Use of strings is confusing in C.  There is no HDF5 datatype that corresponds to the "native" way that C
implements arrays of strings, i.e.,

   char mystrs [100] = {"a string", "another one", "", "and so on", ...};

The correct data type is something like:

tid1 = H5Tcopy (H5T_C_S1);
ret = H5Tset_size (tid1,H5T_VARIABLE);

This declaration has little relation to the C data structure, and does not transparently convey the intent of the program.

Also, there is a tendency for programmers to naively do the wrong thing, e.g.,

  tidbad = H5Tcopy(H5T_NATIVE_CHAR);
  H5Tset_size(tidbad, H5T_VARIABLE);  /* wrong! */

or

   if (H5Tequal(tidbad, H5T_NATIVE_CHAR)) {
      /* try to do zero terminated, VL strings.... */

   }

and similar disasters.

Solution

Define a new standard type: H5T_VAR_STRING or H5T_CHAR_STRING, which is an alias for the above.

tid1 = H5Tcopy(H5T_VAR_STRING);

Advantages:
  1. Makes clear the programs intent in a simple way
  2. Helps user's avoid the mistake of declaring the type to be 'CHAR'

Impact on other uses is minimal. The data is used the same way (for better or worse).  E.g.,


if (H5Tis_variable_str(tid1)) {

/* ... */

char *rdata[SPACE1_DIM1];

ret=H5Dread(dataset,tid1,H5S_ALL,H5S_ALL,xfer_pid,rdata);

for(i=0; i<SPACE1_DIM1; i++) {
printf("%d: len: %d, str is: %s\n", strlen(rdata[i]),rdata[I]);
}

ret=H5Dvlen_reclaim(tid1,sid1,xfer_pid,rdata);
}

Compatibility:

This should be fully compatible with existing files and codes.
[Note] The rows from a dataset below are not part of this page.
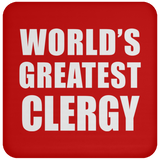 World's Greatest Clergy - Drink Coaster
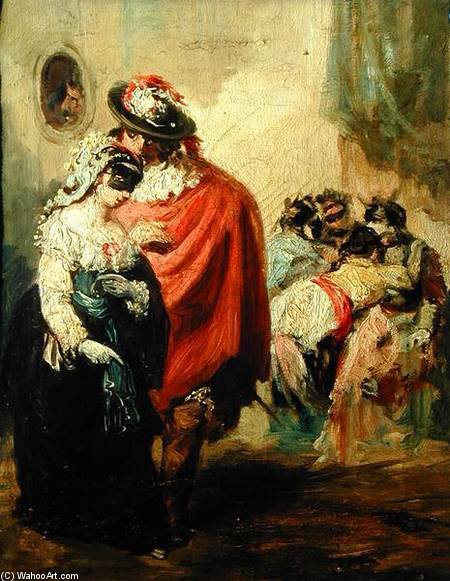 Masquerade — Eugenio Lucas Y Padilla (eugenio Lucas Velázquez)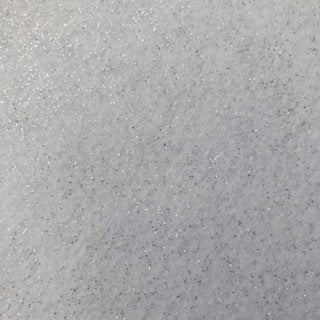 Glitter Felt White
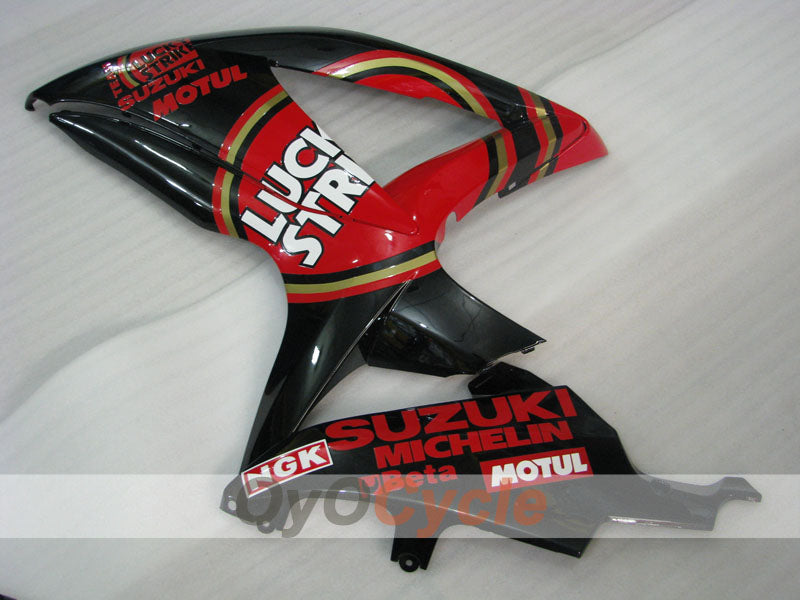 Kit de carénage à injection pour GSX R750 08-10 - Rouge, Noir - Lucky Strike #OYO87905446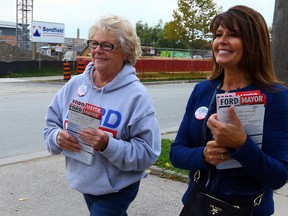 Diane Ford and Karla Ford on Oct. 17, 2014. (Dave Abel/Toronto Sun)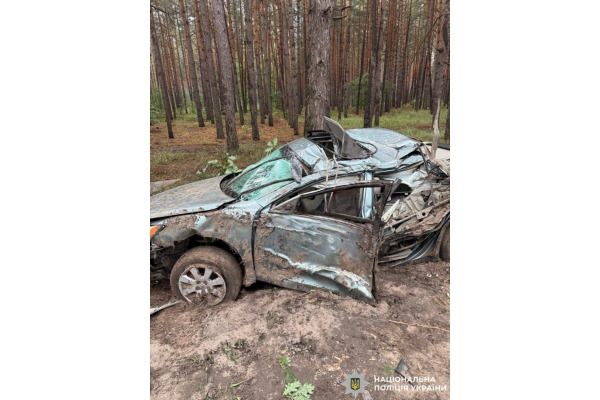 ДТП на Вишгородщині: водій автомобіля загинув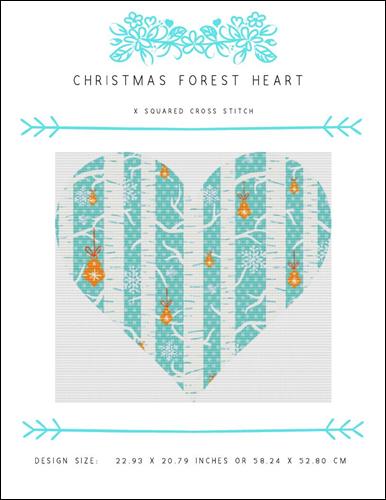 click here to view larger image of Christmas Forest Heart (chart)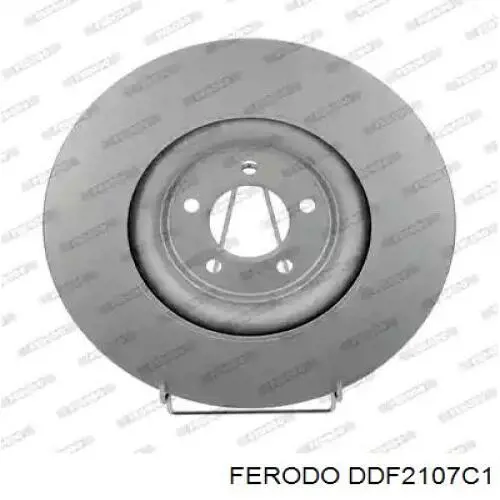 Передние тормозные диски DDF2107C1 Ferodo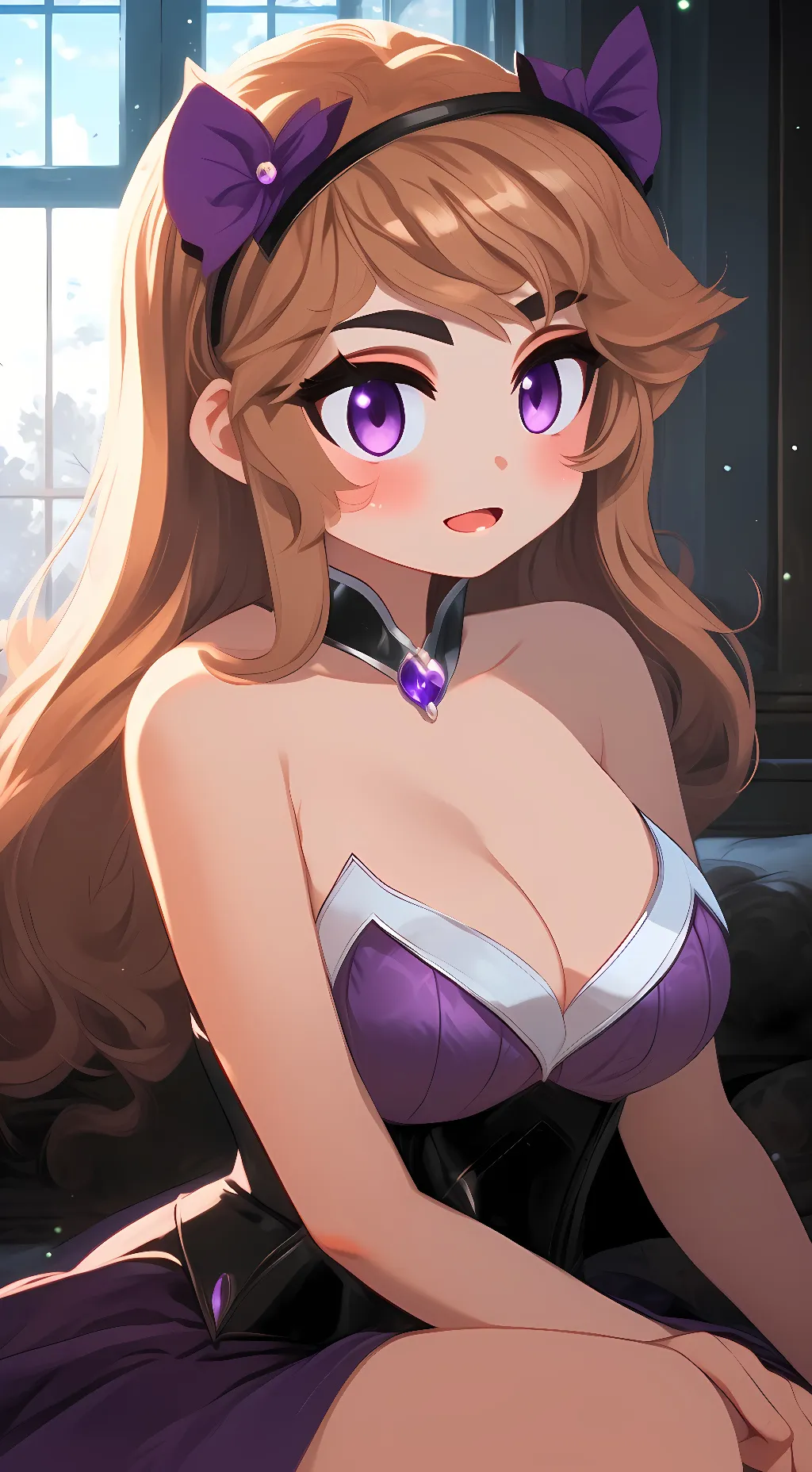 ai character: Anastasia  background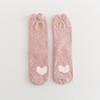 Winter half-length velour mid-calf women's socks coral velour socks casual colour-blocked thickened warm floor socks adult terry socks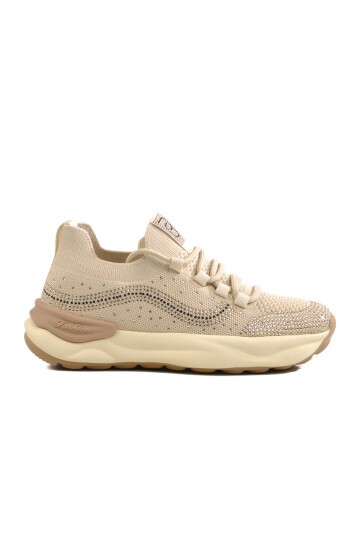 Ayakmod Bej Kadın Sneaker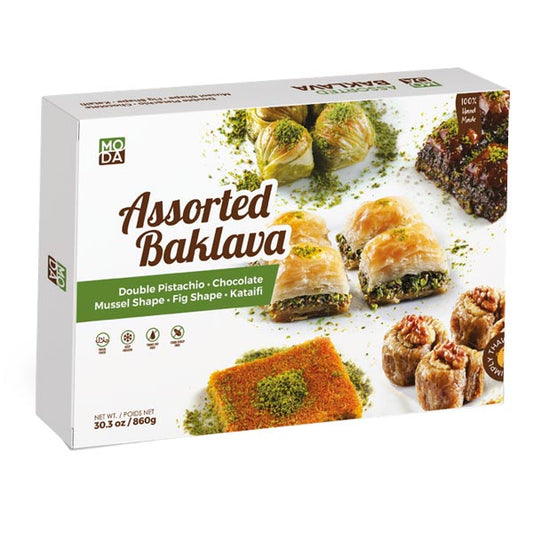 Moda Baklava, Assorted, Family Pack, 1.9lbs (860g) x 8pack - 100431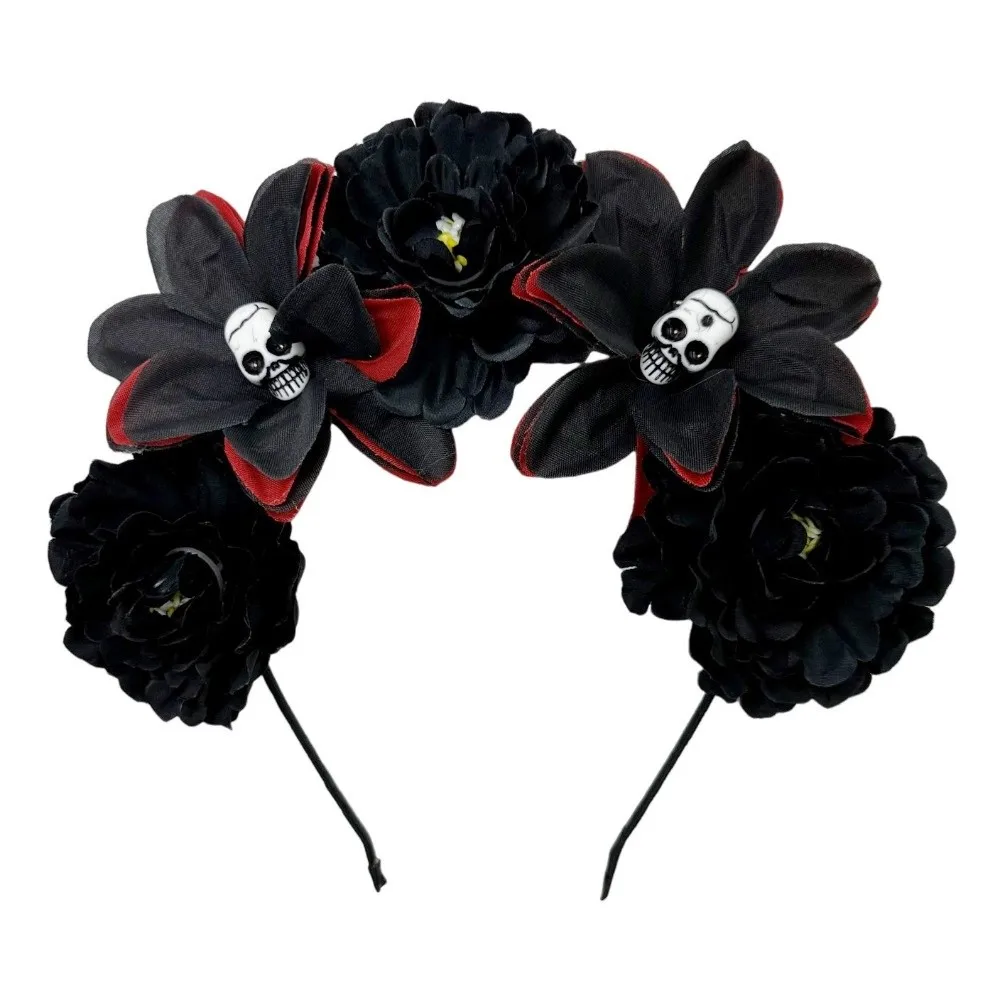 Exaggerated Skull Head Headband Simulation Flower Halloween Decor Halloween Hair Hoop Colorful Funny Gothic Flower Hairband
Exaggerated Skull Head Headband Simulation Flower Halloween Decor Halloween Hair Hoop Colorful Funny Gothic Flower Hairband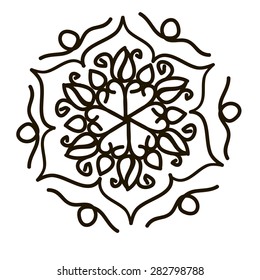 Flower mandala for your design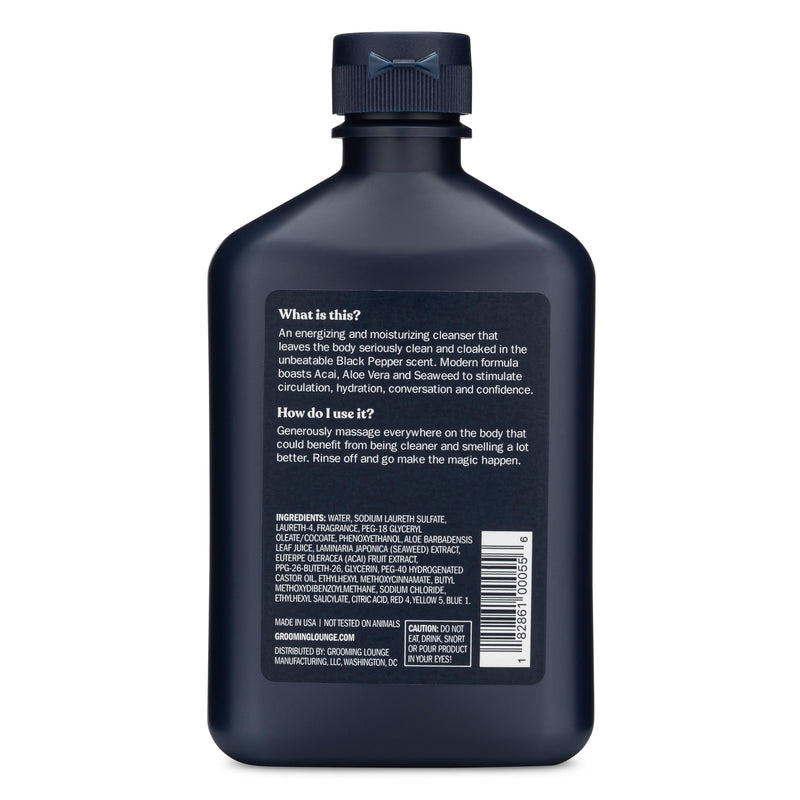 Grooming Lounge Grooming Lounge Our Best Smeller Body Wash - Black Pepper Body Cleanser Body Washes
It is just an alias for the right thing.  The old declaration is still correct.

Open issues:

It is not clear what the defined behavior should be for two functions:
H5Tequals(tid1, H5T_VAR_STRING) ? -- it would be nice if this worked intuitively, i.e. the same as H5Tis_variable_str()
H4Tget_native(tid1) ? -- should it return H5T_VAR_STRING?